#### DATA ####

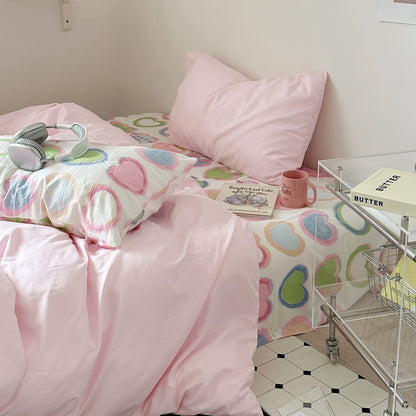 Y2K Hearts Bedding Set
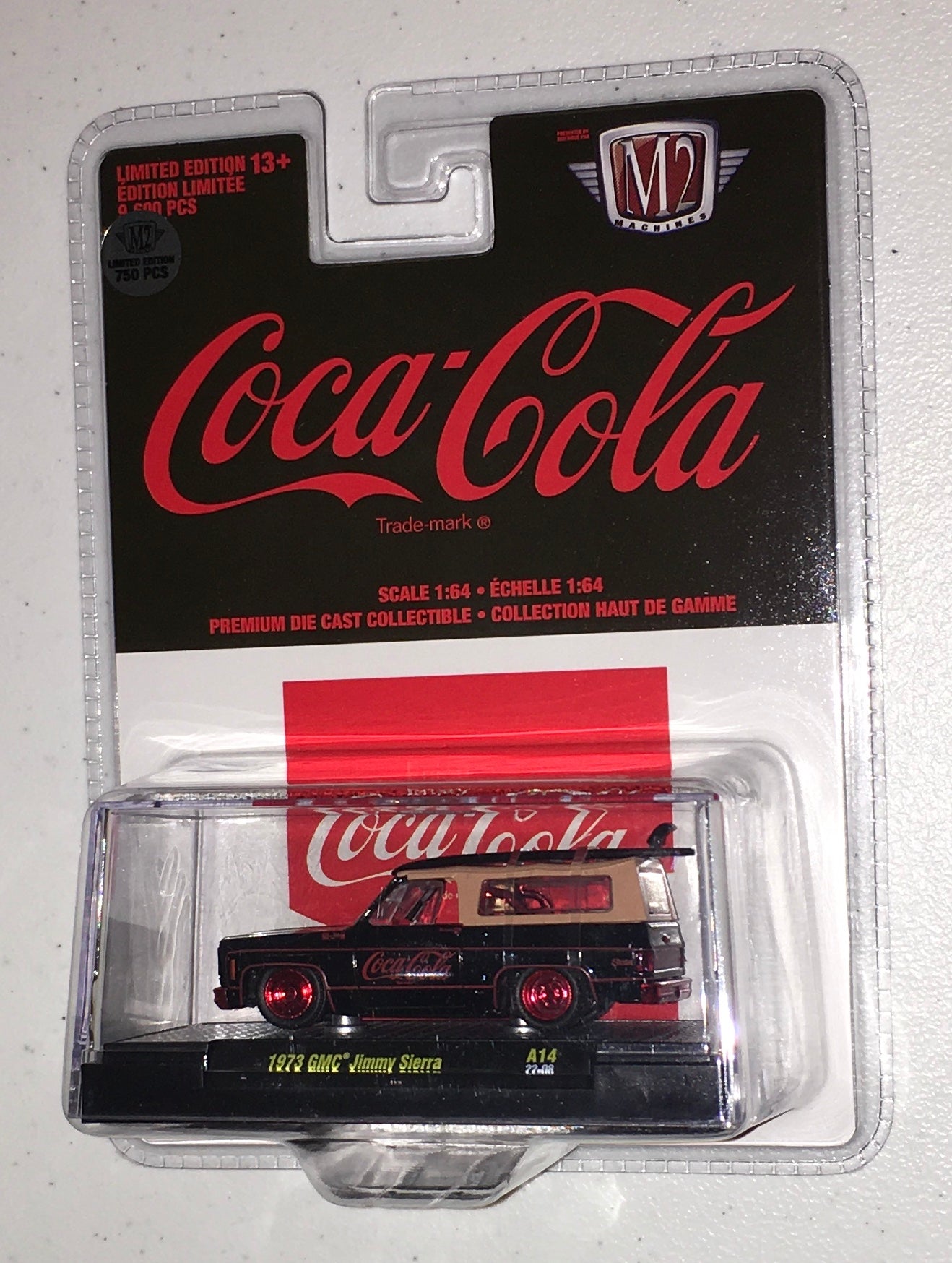 M2 Machines Coca Cola 1:64 die cast 1973 GMC Jimmy Sierra with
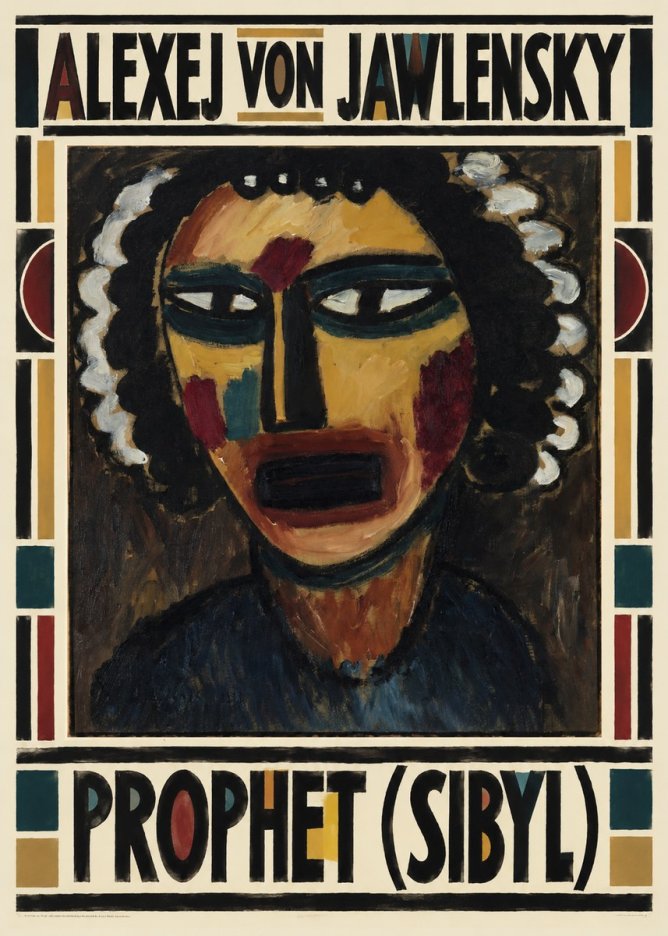 Alexej von Jawlensky Prophet (Sibil) No1 - Poster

####

◆ REQUIREMENT ◆
Print every line above exactly. Leave the pictures out.

◆ RESULT FOR THIS EXERCISE ◆
 Y2K Hearts Bedding Set
 M2 Machines Coca Cola 1:64 die cast 1973 GMC Jimmy Sierra with
 Alexej von Jawlensky Prophet (Sibil) No1 - Poster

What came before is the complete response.